ACTION ITEM: Look below for the line with "Fancy stone 2pk". Retype it and every line after it to the end, exactly, but leave out the pictures.

Records drawn from a dataset
^^^^^^^^^^^^^^^^

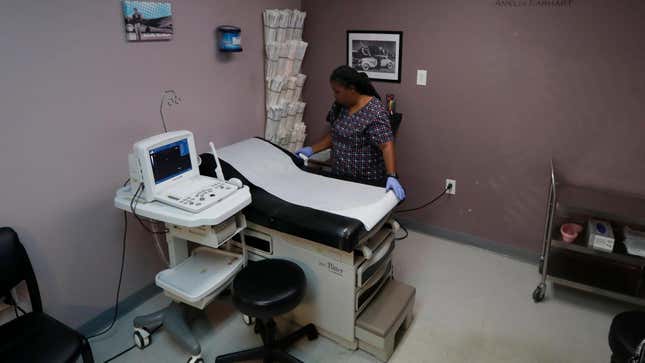 Director of Clinical Services, Marva Sadler, prepares the operating room at the Whole Woman’s Health clinic in Fort Worth, Texas, in 2019.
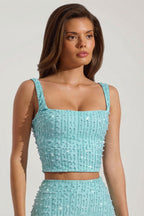Chic Embellished Square-Neck Crop Top in Aquamarine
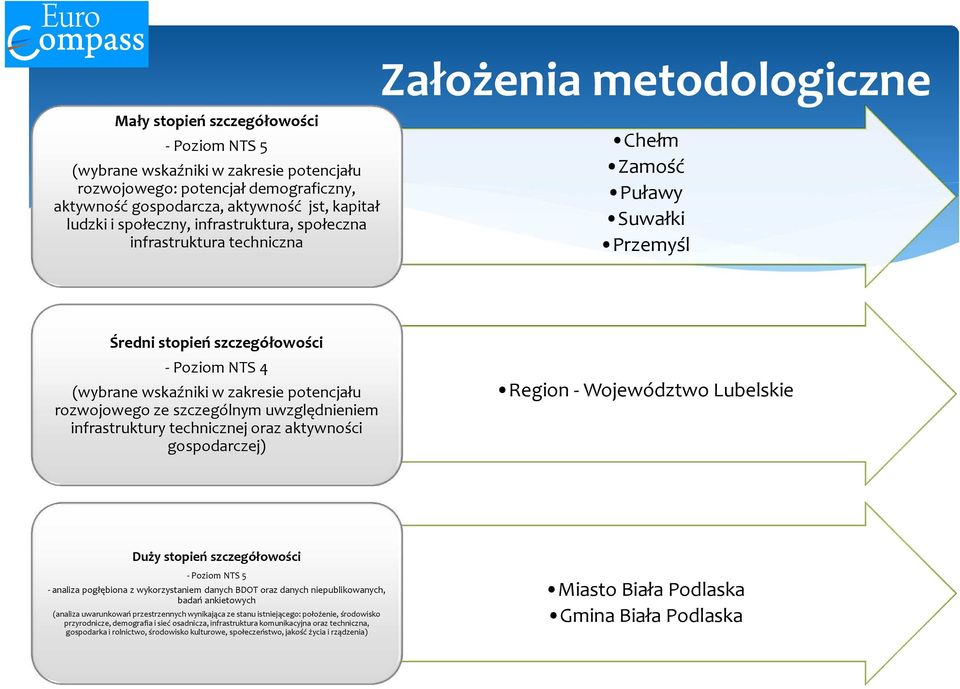 rozwojowego ze szczególnym uwzględnieniem infrastruktury technicznej oraz aktywności gospodarczej) Region - Województwo Lubelskie Duży stopień szczegółowości - Poziom NTS 5 - analiza pogłębiona z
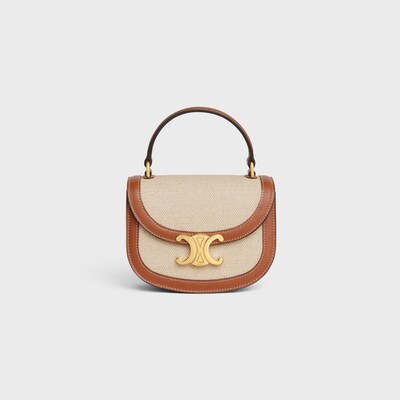 MINI BESACE CLEA in Textile and calfskin - NATURAL / TAN - MORE LINES - 4 | CELINE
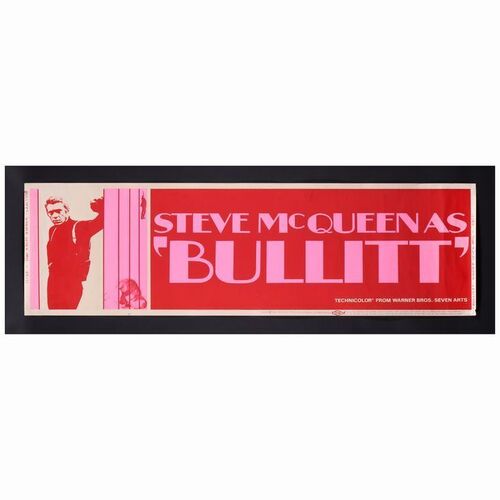 64. Paper Banner (24" x 82") From the David Frangioni Collection; Very Fine Rolled ### BULLITT (1968)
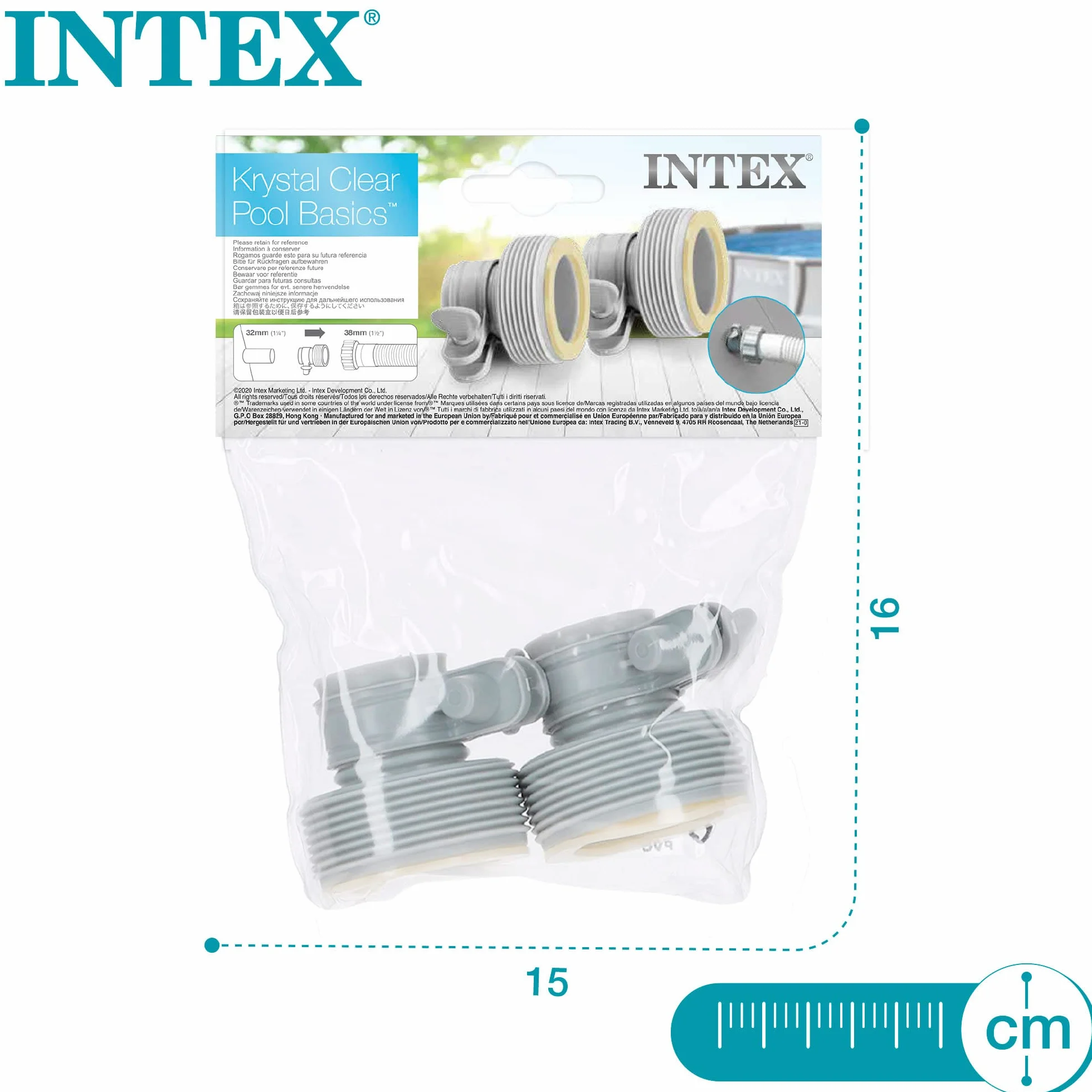 Intex Adapter Typu B do Pomp 2 Sztuki Szary 29061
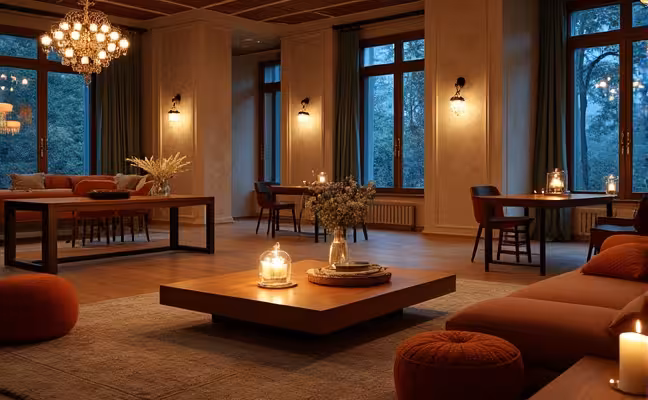 An open-concept living room with various seating options such as a comfortable couch, a couple of upholstered stools, and a few colorful floor cushions scattered around a low, wooden coffee table. The space is well-lit with a mix of overhead pendant lights, a stylish floor lamp in one corner, and a few lit candles placed strategically across the room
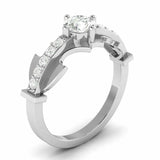 1.3ct Round Cut VVS1 Diamond Bat Design Engagement Ring 14k White Gold Finish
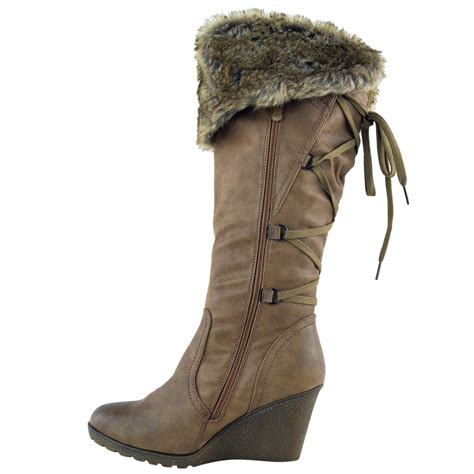 womens ladies mid wedge high heel fur lined warm winter knee calf zip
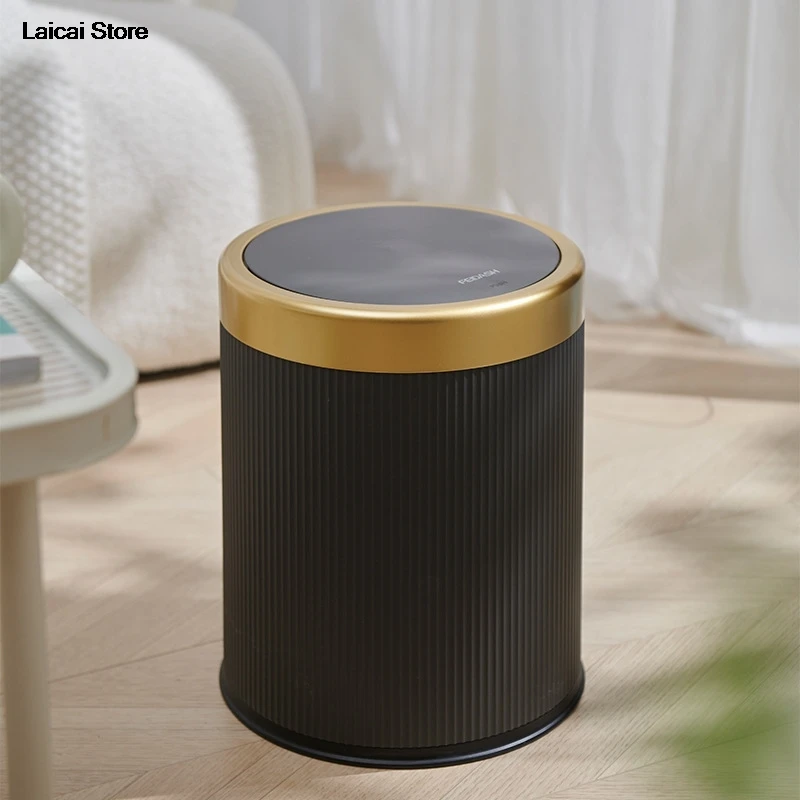 

Modern Double Layered Trash Bin with Press Top Lid, White and Black, Bathroom, Office and Bedroom
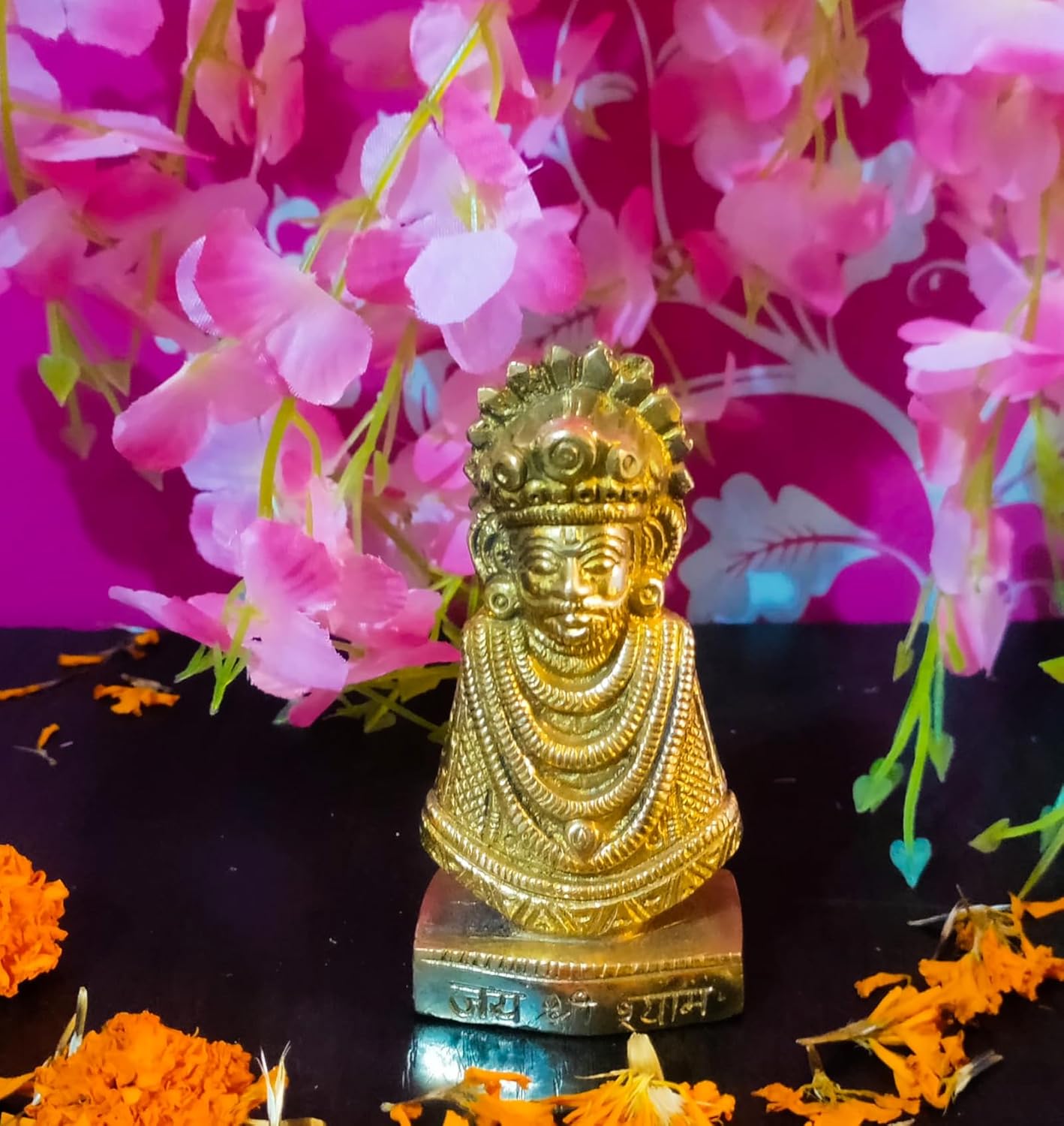 100% Pure Brass Khatu Shyam Idol, Khatu Shyam Murti For Home Decor & Puja Room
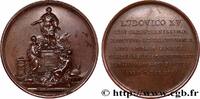 FRANKREICH Médaille, Pose de la première pierre de la statue LOUIS XV DIT LE BIEN AIMÉ 1744 (41mm, 29,28g, 12h) -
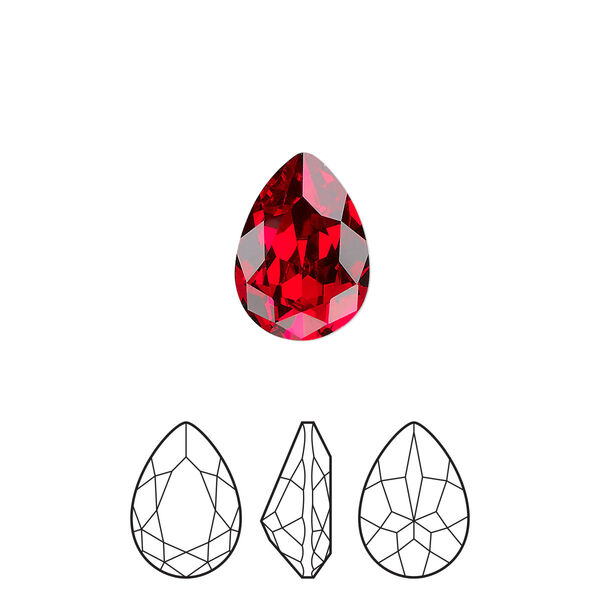 Fancy stone 2pk light Siam foil back, Preciosa MAXIMA Czech crystal rhinestone 14x10mm pear image number 0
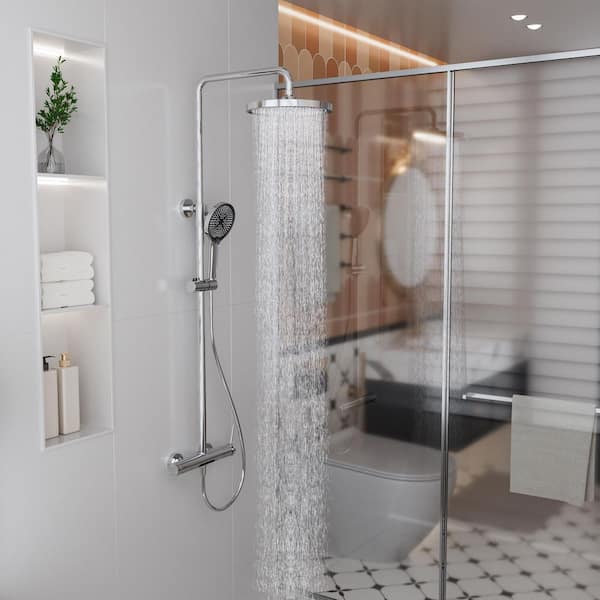 3-Spray Shower Head Wall Mounting All-In-One Kit Fixed and Handheld Shower Head Flow rate 1.59 GPM in Chrome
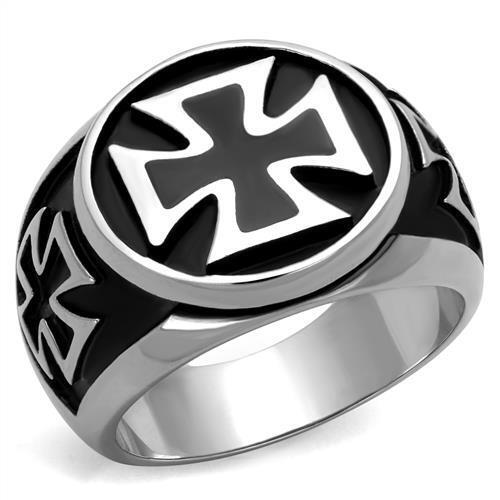 TK2226 - Stainless Steel Ring High polished (no plating) Men Epoxy Jet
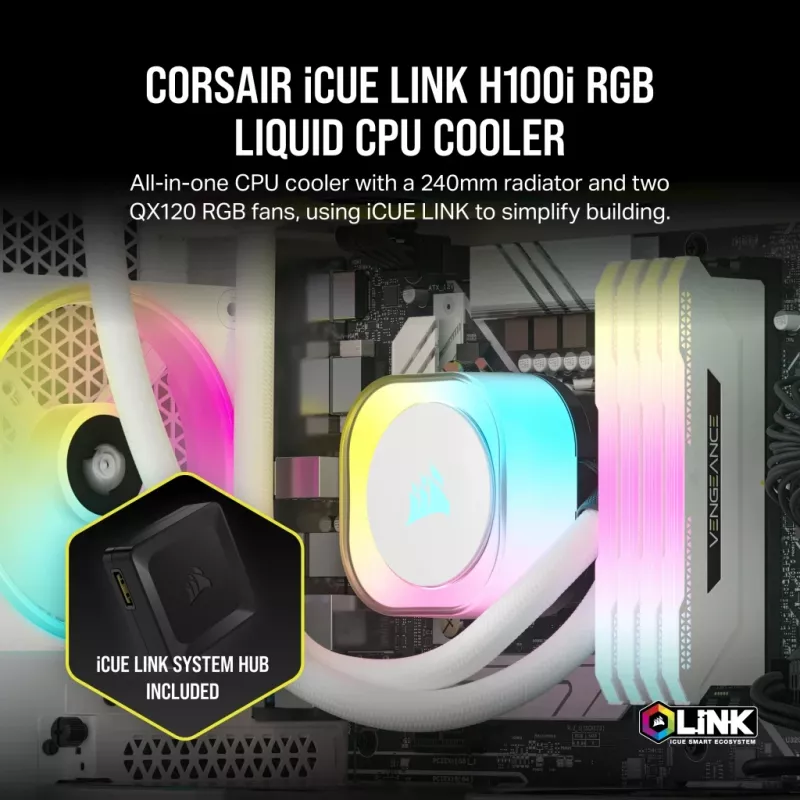 Dissipatore CPU CORSAIR – iCUE Link H100i RGB raffreddamento liquido AiO – bianco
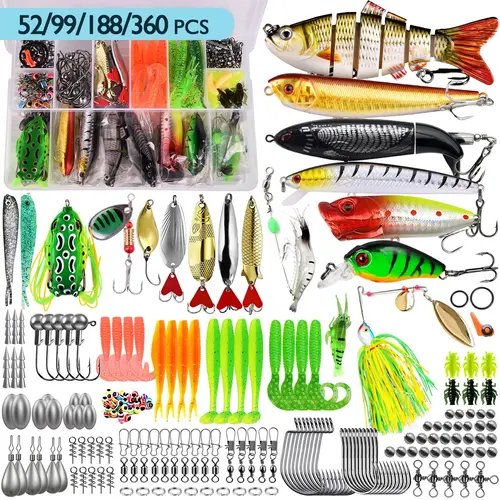 52/99/188/360-Piece Fishing Lure Set, Artificial Lures, Fishing Equipment, Fishing Gear Supplies, Outdoor Fishing Supplies, Assorted Spoon Lures and Soft Plastic Worms for Bass, Trout and Salmon, Complete Fishing Tackle Kit for Men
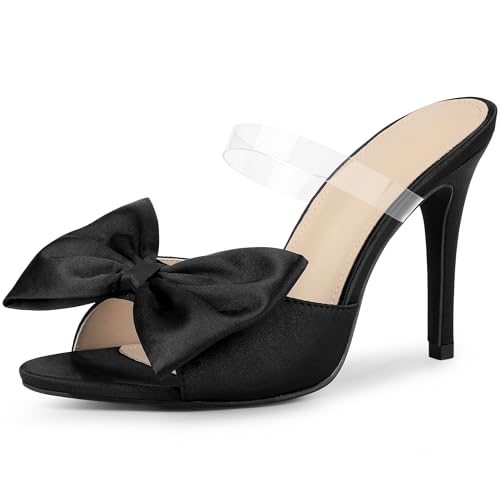 Allegra K Damen-Slipper-Sandalen mit sauberen Riemen und Schleife im Stiletto-Stil Schwarz 38 von Allegra K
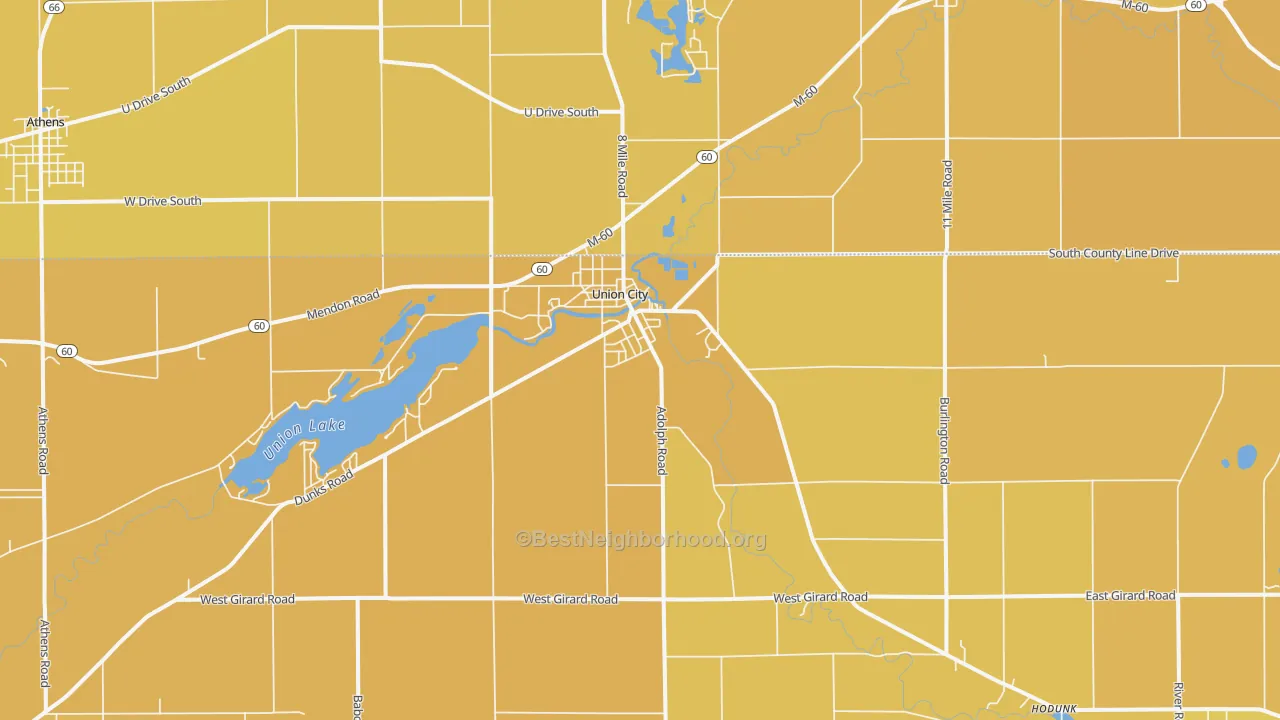 Map of the best neighborhoods in the 49094 area, with better matches in green and worse matches in red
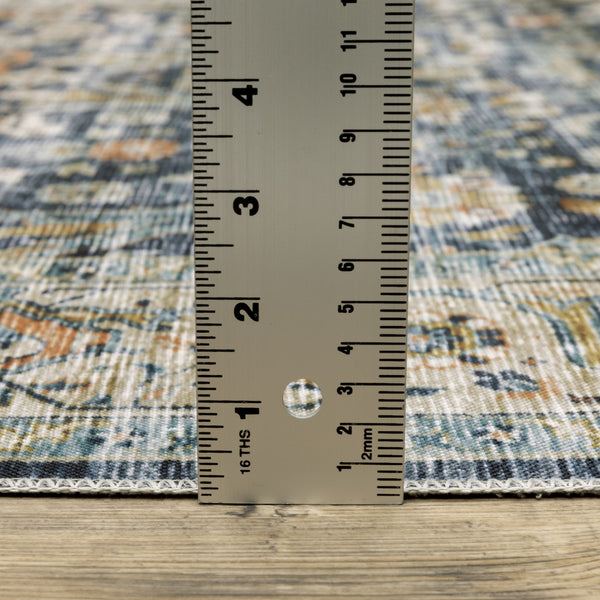 Homeroots 2' X 8' Blue Gold Rust Ivory And Olive Oriental Printed Stain Resistant Non Skid Runner Rug Blue,Gold Polyester 510382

^^^^^^^^^^^^^^^^

RESULT OF THE EXERCISE:
 Fancy stone 2pk light Siam foil back, Preciosa MAXIMA Czech crystal rhinestone 14x10mm pear image number 0
 3-Spray Shower Head Wall Mounting All-In-One Kit Fixed and Handheld Shower Head Flow rate 1.59 GPM in Chrome
 TK2226 - Stainless Steel Ring High polished (no plating) Men Epoxy Jet
 Dissipatore CPU CORSAIR – iCUE Link H100i RGB raffreddamento liquido AiO – bianco
 52/99/188/360-Piece Fishing Lure Set, Artificial Lures, Fishing Equipment, Fishing Gear Supplies, Outdoor Fishing Supplies, Assorted Spoon Lures and Soft Plastic Worms for Bass, Trout and Salmon, Complete Fishing Tackle Kit for Men
 Allegra K Damen-Slipper-Sandalen mit sauberen Riemen und Schleife im Stiletto-Stil Schwarz 38 von Allegra K
 Map of the best neighborhoods in the 49094 area, with better matches in green and worse matches in red
 Homeroots 2' X 8' Blue Gold Rust Ivory And Olive Oriental Printed Stain Resistant Non Skid Runner Rug Blue,Gold Polyester 510382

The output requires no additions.